Moser clucked. “I ’member something my mama said from the Bible she was always reading to me, words I think on looking out on all these beasts.” He cleared his throat in preparation, then spoke as if in a new voice, “‘Behold, for they are like the locusts of Egypt come to trouble the pharaoh.’”
As his cousin quoted scripture in that foreign voice filled with distant thunder, Jonah turned to Moser, a little wonder mixed with admiration on his bushy, sharply chiseled face. “You said those words like a true Bible-thumper, Artus. Sure you don’t want to pass a collection plate instead of skinning buffalo?”
Moser appeared a bit embarrassed, his eyes misting as he gazed back at the herd while it slowly shifted like a rolling black sea through the notch in the low hills. “I figure on skinning buffalo, Jonah. Always do what I set out to do.”
Hook nestled his cheek along the riflestock. “So do I, cousin. We need us the money.”
“You figure to stay here in Kansas a long time shooting buffalo?”
“Only as long as it takes to get us a small poke, cousin.”
“Then we get back to looking for your family?”
“Now you shut up for a while so Jonah here can get his mind on killing a buffalo down there.”
As he started to relax his breathing, Hook brought the front blade down on the nearest of the beasts. He set the blade back in the notch on the buckhorn rear sight and let half his breath out, held and moved his finger to the rear trigger.
With it set, he inched his finger to the front trigger. The rifle went off, shoving back against his shoulder so hard it surprised him. The cross-sighting sticks fell as the smoke rolled away.

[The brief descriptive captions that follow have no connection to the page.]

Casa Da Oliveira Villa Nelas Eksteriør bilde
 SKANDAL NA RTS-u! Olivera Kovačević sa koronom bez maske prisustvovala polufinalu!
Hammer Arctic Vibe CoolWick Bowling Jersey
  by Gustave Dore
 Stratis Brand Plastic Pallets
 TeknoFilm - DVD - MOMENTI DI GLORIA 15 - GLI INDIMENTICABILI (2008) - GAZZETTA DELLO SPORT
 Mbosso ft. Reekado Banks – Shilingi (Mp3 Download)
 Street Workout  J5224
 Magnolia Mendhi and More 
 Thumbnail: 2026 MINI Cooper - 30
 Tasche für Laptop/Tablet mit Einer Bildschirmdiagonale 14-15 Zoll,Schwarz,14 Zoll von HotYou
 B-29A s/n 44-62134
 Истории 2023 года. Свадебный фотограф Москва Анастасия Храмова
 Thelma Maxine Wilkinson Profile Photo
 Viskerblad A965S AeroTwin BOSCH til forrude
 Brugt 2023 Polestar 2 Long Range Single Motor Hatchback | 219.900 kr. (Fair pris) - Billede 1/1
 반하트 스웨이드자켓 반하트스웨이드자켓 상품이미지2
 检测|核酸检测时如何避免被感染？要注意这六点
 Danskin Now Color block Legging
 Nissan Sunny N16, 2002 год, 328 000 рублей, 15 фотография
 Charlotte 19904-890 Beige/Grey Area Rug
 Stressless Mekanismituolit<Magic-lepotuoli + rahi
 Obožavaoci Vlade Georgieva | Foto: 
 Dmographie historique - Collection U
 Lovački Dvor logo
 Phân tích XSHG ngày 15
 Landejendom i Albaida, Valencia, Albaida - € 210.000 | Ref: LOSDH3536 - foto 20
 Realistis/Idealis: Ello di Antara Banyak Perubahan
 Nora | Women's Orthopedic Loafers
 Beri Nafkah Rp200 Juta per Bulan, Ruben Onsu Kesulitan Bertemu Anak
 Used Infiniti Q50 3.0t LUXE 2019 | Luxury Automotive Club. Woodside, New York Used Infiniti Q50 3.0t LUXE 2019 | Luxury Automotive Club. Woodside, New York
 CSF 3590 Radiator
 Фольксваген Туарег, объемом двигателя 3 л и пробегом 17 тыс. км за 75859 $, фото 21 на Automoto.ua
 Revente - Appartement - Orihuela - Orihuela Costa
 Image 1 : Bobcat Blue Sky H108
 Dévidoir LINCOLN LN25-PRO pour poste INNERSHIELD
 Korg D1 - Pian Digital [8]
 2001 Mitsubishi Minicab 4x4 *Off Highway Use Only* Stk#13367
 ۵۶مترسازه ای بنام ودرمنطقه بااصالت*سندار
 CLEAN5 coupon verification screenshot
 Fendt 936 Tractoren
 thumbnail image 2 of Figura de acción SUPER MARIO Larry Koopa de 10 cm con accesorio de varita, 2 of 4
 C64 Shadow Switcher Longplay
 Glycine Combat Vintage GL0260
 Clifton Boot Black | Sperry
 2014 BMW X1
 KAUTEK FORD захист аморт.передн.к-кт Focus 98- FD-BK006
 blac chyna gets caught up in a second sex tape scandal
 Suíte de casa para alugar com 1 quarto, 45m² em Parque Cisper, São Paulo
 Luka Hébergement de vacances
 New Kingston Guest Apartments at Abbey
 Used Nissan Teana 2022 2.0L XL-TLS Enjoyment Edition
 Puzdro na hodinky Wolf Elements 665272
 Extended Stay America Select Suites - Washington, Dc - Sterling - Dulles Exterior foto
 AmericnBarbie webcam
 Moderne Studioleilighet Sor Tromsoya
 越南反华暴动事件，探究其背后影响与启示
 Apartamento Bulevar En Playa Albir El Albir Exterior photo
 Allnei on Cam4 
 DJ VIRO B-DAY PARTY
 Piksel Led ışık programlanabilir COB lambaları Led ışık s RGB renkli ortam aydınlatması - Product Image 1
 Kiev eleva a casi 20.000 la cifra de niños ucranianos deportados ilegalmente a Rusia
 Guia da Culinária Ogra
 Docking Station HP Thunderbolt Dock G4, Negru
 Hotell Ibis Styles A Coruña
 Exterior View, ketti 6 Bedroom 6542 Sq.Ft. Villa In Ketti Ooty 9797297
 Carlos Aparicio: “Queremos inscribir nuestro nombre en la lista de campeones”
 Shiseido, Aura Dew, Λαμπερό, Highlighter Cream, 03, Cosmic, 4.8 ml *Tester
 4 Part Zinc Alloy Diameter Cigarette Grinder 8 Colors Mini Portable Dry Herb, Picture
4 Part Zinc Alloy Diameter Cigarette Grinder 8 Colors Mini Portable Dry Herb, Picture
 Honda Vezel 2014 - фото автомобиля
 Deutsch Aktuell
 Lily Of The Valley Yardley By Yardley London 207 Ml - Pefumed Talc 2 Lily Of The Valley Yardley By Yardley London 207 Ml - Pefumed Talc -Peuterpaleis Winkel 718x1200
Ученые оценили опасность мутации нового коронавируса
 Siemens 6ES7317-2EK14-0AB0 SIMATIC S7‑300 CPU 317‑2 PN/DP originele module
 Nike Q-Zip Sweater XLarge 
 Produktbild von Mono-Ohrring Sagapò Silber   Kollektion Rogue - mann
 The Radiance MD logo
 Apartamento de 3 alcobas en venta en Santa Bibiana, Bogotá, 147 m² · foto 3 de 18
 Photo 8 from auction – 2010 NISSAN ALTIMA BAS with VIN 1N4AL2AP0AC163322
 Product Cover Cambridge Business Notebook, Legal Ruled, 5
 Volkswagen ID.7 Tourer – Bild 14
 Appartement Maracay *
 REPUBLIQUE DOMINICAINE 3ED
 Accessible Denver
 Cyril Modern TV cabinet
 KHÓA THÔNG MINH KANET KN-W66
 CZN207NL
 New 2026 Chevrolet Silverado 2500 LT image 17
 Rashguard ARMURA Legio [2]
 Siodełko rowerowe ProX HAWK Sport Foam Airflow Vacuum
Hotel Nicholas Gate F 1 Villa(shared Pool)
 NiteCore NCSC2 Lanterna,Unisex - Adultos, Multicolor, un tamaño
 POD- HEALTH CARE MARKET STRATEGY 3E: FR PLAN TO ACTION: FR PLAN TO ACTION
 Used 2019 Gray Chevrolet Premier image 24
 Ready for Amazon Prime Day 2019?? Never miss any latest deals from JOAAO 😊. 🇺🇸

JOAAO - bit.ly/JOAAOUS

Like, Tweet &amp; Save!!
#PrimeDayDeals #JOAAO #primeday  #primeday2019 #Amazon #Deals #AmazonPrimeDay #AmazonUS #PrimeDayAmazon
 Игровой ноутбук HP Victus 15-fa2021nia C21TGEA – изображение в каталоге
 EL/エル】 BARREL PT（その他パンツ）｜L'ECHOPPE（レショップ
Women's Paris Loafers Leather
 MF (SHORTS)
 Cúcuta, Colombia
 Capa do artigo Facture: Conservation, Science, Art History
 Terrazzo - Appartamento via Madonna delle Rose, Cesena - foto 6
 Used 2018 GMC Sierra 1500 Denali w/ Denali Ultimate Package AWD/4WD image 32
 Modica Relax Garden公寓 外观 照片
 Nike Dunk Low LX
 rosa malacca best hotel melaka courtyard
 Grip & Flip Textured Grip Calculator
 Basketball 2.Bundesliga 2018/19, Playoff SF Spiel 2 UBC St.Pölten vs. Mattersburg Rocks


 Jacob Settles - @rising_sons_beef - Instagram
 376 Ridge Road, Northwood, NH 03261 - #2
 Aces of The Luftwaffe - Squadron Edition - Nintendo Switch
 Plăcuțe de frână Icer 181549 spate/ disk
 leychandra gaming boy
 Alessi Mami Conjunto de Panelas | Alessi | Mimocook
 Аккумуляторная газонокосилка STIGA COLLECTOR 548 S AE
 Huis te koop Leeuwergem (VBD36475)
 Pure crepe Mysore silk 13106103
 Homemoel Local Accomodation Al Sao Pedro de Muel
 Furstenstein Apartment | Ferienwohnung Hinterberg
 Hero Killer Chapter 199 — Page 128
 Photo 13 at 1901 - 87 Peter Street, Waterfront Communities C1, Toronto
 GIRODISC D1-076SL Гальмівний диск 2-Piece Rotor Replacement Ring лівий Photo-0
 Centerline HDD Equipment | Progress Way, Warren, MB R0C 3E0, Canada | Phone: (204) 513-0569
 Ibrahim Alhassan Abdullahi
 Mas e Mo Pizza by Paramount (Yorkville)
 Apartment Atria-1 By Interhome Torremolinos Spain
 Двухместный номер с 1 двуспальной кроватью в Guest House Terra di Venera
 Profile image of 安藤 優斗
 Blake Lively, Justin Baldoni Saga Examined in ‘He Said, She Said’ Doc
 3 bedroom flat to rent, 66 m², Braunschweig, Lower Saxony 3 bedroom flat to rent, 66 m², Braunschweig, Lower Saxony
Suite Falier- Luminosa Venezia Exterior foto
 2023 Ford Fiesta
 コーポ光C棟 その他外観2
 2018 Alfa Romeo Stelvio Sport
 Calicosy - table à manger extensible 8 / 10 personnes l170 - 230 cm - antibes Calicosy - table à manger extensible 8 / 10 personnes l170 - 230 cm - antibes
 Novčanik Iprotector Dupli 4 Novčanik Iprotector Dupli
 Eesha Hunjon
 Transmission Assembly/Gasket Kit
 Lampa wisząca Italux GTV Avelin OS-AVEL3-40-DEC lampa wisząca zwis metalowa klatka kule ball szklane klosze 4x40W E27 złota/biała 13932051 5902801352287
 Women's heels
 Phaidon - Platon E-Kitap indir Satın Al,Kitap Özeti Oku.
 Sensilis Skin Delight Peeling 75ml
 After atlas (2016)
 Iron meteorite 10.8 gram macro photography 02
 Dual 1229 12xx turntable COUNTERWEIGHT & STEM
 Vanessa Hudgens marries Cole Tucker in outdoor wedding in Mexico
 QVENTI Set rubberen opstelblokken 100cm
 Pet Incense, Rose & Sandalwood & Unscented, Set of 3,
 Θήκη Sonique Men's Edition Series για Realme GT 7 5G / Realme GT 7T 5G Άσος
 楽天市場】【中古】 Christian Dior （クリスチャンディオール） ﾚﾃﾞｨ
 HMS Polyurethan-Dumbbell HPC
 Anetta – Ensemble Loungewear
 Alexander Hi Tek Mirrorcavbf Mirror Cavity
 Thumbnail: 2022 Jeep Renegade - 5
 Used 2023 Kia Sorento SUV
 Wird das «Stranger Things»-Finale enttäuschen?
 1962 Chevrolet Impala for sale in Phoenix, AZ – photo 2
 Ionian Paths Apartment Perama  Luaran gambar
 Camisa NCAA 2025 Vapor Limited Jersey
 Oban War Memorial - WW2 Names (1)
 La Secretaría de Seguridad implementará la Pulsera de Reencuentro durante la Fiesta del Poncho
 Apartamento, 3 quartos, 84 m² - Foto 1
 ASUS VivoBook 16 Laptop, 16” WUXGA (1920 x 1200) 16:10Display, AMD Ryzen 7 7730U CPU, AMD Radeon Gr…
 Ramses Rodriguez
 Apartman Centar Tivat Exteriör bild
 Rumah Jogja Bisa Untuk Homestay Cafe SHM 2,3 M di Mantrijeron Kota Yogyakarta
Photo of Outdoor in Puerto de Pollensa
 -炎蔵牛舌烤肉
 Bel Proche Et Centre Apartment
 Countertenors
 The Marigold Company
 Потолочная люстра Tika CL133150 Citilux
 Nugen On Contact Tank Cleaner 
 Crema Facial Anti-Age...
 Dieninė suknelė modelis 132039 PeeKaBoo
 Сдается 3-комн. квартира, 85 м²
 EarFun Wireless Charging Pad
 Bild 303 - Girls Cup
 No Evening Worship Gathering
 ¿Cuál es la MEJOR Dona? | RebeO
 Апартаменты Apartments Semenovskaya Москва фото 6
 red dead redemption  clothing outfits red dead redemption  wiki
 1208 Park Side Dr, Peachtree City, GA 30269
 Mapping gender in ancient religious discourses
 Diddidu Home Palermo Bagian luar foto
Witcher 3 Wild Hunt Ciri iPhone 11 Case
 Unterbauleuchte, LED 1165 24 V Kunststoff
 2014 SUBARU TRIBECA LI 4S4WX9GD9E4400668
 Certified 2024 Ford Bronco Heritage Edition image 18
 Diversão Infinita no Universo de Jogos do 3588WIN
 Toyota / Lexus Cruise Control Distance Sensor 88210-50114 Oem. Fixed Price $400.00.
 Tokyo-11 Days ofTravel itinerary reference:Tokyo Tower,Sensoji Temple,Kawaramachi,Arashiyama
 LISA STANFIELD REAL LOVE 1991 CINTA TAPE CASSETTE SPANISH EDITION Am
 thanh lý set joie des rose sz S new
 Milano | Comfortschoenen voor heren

“Damn, you missed him,” Moser said. “Fell short, Jonah.”
“Short?” he asked in that cursing tone as he dragged the rifle back, went to his knees, and blew down the barrel. Yanking up the powder horn, he poured a charger full of the black grains down the muzzle, followed by a ball seated on a greased linen patch that he drove home with the long hickory ramrod.
With the hammer at half cock, Jonah dug in his pouch for another cap and pressed it atop the nipple. “How far short, cousin?”
“From here, I’d have to say not more’n twenty foot where it kicked up dust.”
“Damn lucky, ain’t we?”
“How’s that, Jonah?”
Hook scrunched his belly down into the grass, spread his legs apart for a steadier hold, and closed one eye. “Lucky that shot didn’t spook that buffalo, or the whole damned herd.”
“I s’pose so, not knowing buffalo the way you do.”
The roar of the rifle surprised them both.